So what is this Guild Library?
The Guild Library is a magnificent database of humanity’s knowledge and history. It is managed by a universe-wide government called the Galactic Guild of Enforcement from its headquarters on the planet of Ur-Magad. Any citizen of the Guild can easily learn about their past in the Library – from humanity’s unexpected need to leave Earth and colonize other planets, through the war-torn times before the Guild’s existence that nearly saw humanity enslaved, to the fragile peace that has persevered after its formation.
I currently have two projects. They are part of the overall future history but are also their own distinct stories.
Fractured Children of Earth
A deeply personal story stemming from things that have happened in real life for my wife and I. Co-captains of a smuggling group in humanity’s distant future uncover a plot to enslave humanity. Taking action to stop it endangers their livelihoods, but doing nothing jeopardizes their dreams of retiring and starting a family. (Mostly done, but I would never turn down a reader!)

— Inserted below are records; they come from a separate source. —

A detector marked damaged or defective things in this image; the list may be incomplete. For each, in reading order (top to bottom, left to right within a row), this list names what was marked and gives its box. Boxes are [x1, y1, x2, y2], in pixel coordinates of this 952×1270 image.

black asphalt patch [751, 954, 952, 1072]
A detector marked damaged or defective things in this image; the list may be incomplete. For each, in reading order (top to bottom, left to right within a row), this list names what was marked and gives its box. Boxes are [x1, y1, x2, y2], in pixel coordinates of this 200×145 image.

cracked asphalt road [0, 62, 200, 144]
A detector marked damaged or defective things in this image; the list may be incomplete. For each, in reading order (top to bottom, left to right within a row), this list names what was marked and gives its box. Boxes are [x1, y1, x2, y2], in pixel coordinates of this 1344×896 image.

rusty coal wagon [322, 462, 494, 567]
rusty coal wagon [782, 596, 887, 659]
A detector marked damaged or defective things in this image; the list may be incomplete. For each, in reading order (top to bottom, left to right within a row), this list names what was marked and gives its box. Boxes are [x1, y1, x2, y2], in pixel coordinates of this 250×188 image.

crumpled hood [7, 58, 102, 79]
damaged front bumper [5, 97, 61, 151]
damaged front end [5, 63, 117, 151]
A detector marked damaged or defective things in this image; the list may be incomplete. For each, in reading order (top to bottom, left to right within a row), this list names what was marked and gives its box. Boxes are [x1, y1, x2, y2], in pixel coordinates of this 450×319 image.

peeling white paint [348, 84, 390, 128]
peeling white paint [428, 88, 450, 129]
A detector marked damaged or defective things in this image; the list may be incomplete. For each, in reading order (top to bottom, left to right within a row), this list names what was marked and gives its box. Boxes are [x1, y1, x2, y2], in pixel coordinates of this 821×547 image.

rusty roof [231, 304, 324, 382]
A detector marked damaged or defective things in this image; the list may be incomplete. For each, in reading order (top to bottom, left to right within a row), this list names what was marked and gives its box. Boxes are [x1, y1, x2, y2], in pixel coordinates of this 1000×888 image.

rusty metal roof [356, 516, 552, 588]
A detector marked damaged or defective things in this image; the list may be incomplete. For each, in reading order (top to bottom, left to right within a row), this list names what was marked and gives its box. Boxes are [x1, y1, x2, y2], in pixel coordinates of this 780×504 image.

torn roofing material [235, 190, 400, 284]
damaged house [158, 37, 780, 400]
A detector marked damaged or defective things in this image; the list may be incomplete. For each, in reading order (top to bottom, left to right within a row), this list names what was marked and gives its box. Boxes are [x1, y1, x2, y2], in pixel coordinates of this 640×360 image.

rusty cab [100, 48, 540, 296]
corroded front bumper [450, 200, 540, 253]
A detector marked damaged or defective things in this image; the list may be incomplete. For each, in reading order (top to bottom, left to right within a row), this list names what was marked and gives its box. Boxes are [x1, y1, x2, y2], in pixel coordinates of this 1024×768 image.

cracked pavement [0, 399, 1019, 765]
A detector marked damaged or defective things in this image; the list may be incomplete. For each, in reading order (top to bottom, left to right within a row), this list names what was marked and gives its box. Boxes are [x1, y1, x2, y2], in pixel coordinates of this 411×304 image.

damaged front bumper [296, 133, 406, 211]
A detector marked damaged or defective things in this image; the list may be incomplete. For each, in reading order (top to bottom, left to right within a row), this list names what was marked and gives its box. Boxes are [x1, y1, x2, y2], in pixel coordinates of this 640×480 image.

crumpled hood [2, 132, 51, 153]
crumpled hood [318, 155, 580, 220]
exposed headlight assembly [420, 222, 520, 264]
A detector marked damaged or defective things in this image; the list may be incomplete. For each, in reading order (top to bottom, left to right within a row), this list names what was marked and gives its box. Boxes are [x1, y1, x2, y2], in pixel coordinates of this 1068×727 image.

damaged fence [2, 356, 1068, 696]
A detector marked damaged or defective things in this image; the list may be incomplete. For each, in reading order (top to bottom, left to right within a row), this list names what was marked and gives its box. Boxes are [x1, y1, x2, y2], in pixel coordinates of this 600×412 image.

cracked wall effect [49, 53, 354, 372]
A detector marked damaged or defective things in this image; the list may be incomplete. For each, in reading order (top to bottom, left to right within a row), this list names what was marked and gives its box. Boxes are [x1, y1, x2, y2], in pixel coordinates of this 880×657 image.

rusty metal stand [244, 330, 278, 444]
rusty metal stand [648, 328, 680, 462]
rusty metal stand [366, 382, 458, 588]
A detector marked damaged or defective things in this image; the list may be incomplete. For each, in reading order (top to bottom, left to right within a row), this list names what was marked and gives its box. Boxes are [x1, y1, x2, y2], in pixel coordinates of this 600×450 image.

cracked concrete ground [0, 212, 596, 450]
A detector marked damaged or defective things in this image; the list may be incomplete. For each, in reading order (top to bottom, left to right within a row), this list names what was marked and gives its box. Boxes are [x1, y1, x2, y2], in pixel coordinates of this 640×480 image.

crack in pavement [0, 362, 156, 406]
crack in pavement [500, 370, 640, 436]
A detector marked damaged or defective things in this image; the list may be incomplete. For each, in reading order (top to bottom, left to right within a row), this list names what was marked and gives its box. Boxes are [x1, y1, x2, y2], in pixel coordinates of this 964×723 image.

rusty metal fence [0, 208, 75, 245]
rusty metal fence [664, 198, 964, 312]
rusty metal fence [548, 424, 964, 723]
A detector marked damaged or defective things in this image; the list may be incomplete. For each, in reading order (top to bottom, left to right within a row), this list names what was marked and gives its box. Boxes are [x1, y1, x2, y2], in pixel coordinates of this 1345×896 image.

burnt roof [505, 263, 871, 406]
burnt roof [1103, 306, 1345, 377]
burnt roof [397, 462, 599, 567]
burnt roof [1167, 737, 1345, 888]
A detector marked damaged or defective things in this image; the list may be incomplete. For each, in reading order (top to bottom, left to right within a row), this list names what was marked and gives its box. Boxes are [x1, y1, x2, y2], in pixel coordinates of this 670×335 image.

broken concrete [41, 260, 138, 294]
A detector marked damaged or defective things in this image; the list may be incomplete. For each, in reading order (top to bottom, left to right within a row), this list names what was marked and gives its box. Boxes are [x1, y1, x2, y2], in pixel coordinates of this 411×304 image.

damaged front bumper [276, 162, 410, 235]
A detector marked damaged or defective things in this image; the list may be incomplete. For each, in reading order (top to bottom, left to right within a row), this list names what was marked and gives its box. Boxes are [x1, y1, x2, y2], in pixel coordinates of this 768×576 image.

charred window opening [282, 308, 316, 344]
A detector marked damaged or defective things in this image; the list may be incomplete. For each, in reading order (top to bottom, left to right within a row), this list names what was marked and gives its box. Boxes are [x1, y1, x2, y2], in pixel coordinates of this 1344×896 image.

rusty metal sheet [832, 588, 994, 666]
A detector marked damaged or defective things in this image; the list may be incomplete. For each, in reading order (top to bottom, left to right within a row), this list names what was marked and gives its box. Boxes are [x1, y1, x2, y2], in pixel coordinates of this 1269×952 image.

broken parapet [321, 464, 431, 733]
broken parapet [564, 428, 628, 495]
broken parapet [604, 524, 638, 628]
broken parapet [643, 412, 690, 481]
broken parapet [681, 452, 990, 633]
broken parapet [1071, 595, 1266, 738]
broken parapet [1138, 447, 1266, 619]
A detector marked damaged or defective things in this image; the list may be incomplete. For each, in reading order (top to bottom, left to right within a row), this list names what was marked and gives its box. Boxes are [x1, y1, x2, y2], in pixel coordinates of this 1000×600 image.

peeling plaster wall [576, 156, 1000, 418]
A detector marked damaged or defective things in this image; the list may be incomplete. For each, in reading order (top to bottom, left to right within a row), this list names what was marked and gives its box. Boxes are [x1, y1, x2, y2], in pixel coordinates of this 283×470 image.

Being deaf didn’t prevent Mary from becoming the captain of a smuggling spaceship. While infertility is a journey she and Davi, her co-captain, didn’t anticipate, she won’t let that stop them from bringing a child into their world.
For Cartel smugglers like Mary and Davi, a fragile peace among humanity’s Three Empires means skirting regulations for profit. But after a job goes horribly wrong, they uncover a shadow government linked to Davi’s complicated past – and which could tip that balance against them.
Mary and Davi must convince a reluctant Cartel to intervene and alert humanity of the threat, even though it would expose their less-than-legal business. If they fail to do so, there may not be a free universe to raise a child in.
The Watercolor War
She steals to survive and he’s a farmer’s son. An army threatens the land, enhanced by planetary energy. Both are unaware they can help defeat the army – until they learn of their connections to it. (This story is completed.)
The sight of Mekin on the floor, effectively prone, overrode any caution Ruñe had left. Her hand closed around the dagger at her waist and she unsheathed it, like she’d been practicing earlier. The Diazürian was in the middle of an attack so she ran up and plunged the blade into his side.
He shouted and swung his leg back, trying to kick Ruñe. This caused her to rip the dagger out, and a torrent of blood came with it. Staggering back, the warrior dropped his sword. He clutched at the wound, gasping, and fell to the ground. Blood spilled from his side and pooled on the floor. Ruñe stared in horror as the man convulsed a few times, then brought her eyes down to the dagger. Its blade had a thin sheen of red, to match the rubies adorning it. A numbness spread over her body at the realization of what she’d done.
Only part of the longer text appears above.